The reality is that this rhetoric is an attempt to shut down any criticism. It is also designed to side-line legitimate analyses of the root causes of hunger and poverty, genuine solutions for productive, sustainable agriculture that can feed humanity and those who argue for them.
Readers might want to peruse this entertaining take-down of pro-GMO activist-scientists who seem to think they are experts on everything. The author states:
"... they are in fact not scientists at all but corporate propagandists. They do nothing but knowingly tell lies, claim knowledge where they have none, and... confuse the nature of every issue. All the while they sanctimoniously insist that anyone who lacks formal scientific credentials is unqualified to speak about GMOs. (This of course... doesn’t apply to corporate executives or pro-GMO politicians and media flacks.) The best proof of this... is that literally none of them... stays within the bounds of their own disciplines when pontificating about GMOs... every credentialed pro-GM activist evidently feels free to spew the most ignorant, idiotic opinions on any subject imaginable, no matter how unqualified they are according to their own credentialist standard."

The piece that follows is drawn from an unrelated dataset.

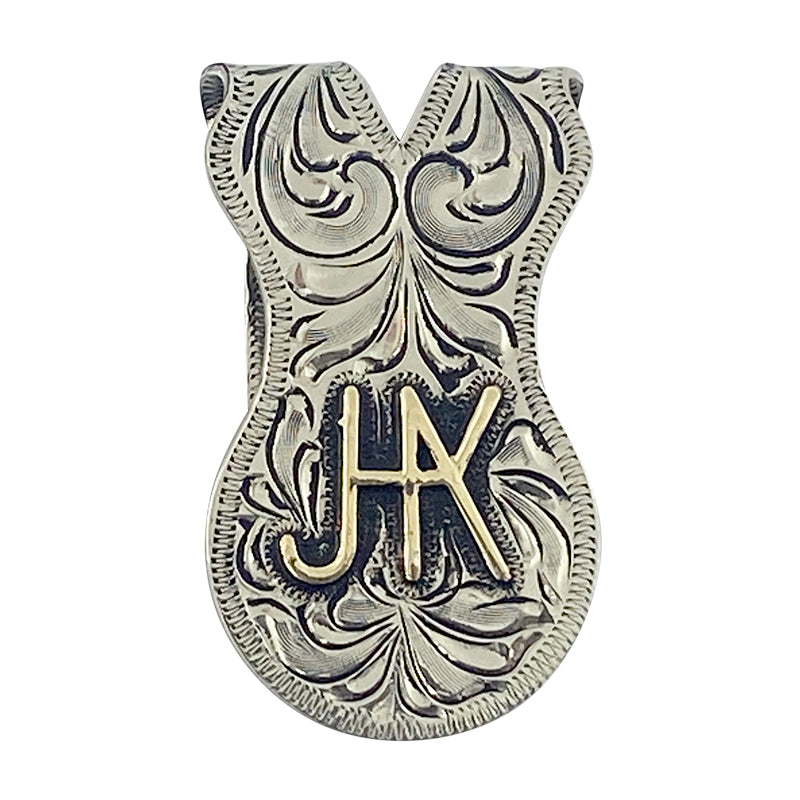 Trophy Money Clip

Although the flamboyant style is done to maximise impact, the writer is making some key, valid points. For example, see this for a more sober account of Kevin Folta's utterances on issues beyond his expertise.
And yet, people like Richard John Roberts, Anthony Trewavas, Shanthu Shantharam and others like pro-corporate/GM media mouthpiece Jon Entine ('The Chemical Industry's Master Messenger') or pro-corporate/GM political mouthpiece like the UK’s Owen 'Green Blob' Paterson seem to think some emotive talk about critics of GM engaging in crimes against humanity, stealing food from the poor, engaging in pseudo-science or some other sound bite designed for public consumption is fine.
If there is one thing these pro-GMO activists are truly expert at is passing off ill-informed rhetoric for expert opinion, while hiding behind a science PhD. This is nothing but spin that is designed to blur the lines between fact and fiction, science and propaganda.
Some people seem quite incredulous that people could doubt science.
Perhaps Robert Fraley should try to convince us why we should not. And while he's at it, he might want to contemplate why we should take anything he or his company says, does or promotes as 'science' given its decades-long history of deceptions, cover ups and criminality.